続いて私は、風邪を引いたことがない人、そして疲れを感じたことがない人がいるかどうか尋ねました。

当然、誰一人としていませんでした。

 

これをしてみてわかるのは、好きな漫画やアニメひとつとっても、一人ひとり違っており、それぞれの「好き」や「思い」が一致するということは意外と珍しいことなのかもしれないということ。

そしてまた、風邪をひいたことがない、または疲れを感じない人なんていないのだから、元気じゃないときもあるということではないかと考えます。

 

これを通じて私は、学校で当然できるべきとされている、あるいは、「目指そう」とか「よし」とされている「みんな仲良く、いつも元気に」というスローガン(?)・概念というものは、実は、見方を変えると結構難しいことなのではないかと投げかけてみたのです。

 

なお、「好きな漫画やアニメが一致しない=みんな仲良くは難しい」というのは少し乱暴な論理でして、「みんなそれぞれ好きなものであったり何かに対して感じることは違う」ということと、「どうしても考えや性格、価値観が合わない人もいる」ということを確認しようと、そのようなワークをしてもらったのが本来の狙いです。

 

「みんな仲良く、いつも元気に」を求める学校という組織

前の記事に書いたように、学校というのはたまたま近くに生まれたメンバーで構成された集団組織です。

 

「共通の趣味がある」とか「共通の目的がある」とかいう理由で構成された組織ではないため、当然「話が合う人・合わない人」がいるものです。

そもそも共通の趣味や目的があって集まった集団であっても、合う人・合わない人がいるというのが現実ですよね。
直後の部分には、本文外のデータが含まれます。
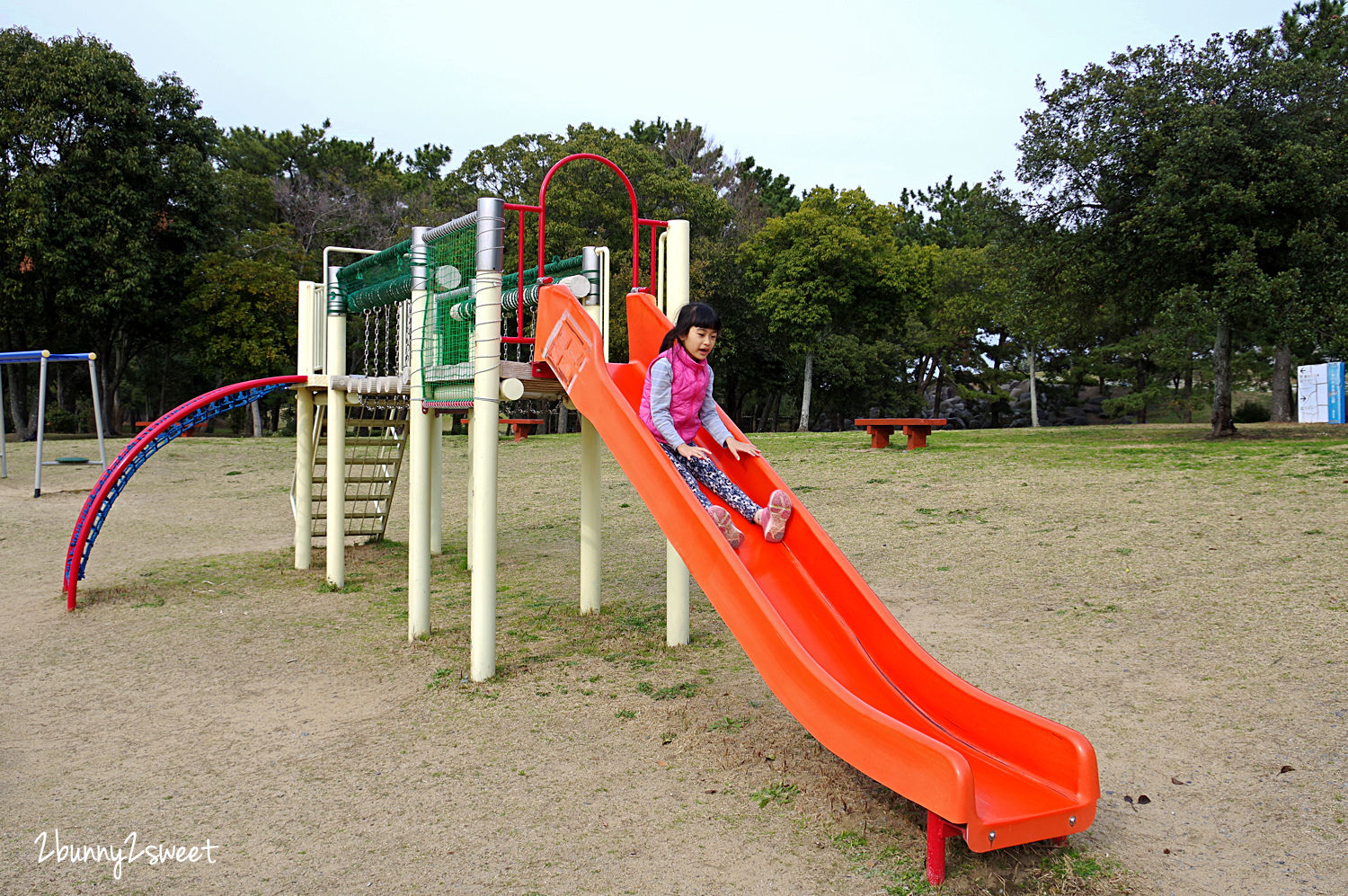 九州福岡特色公園》海之中道海濱公園｜海の中道海浜公園～雲朵蹦蹦床 x 超長溜滑梯 x 水上攀爬網 x 可愛動物區 x 夏季戲水池～親子遊福岡必玩超大型國營公園 @兔兒毛毛姊妹花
たまたまで構成される集団組織であれば、それはなおのことであると言えるように思います。

 

私は子どもたちが成長し社会に出ていくにあたり、そのことをきちんと知っておく必要があると思うのですが、学校ではなぜか「みんな仲良く」が求められ、それが「絶対よし」とされ、そういった現実を直視することはありません。

 

「違いを克服し、お互いを認めあえれば、みんなわかり合うことができ、誰もが仲良くなれる」という理想がそこにはあるのかと思いますが、それは真理だとしても現実ではなく、この世界で健康に生きていくうえで足かせにすらなる可能性があると私は感じています。

 

現実世界では(残念ながら)多くの人が人間関係に悩み、うつ病などの精神疾患を患ったり、争いは耐えません。

 

このことには様々な背景があると思いますが、「みんな仲良く、いつも元気に」が無理である現実、「世の中には合わない人もいる」という現実を示しているように私は思います。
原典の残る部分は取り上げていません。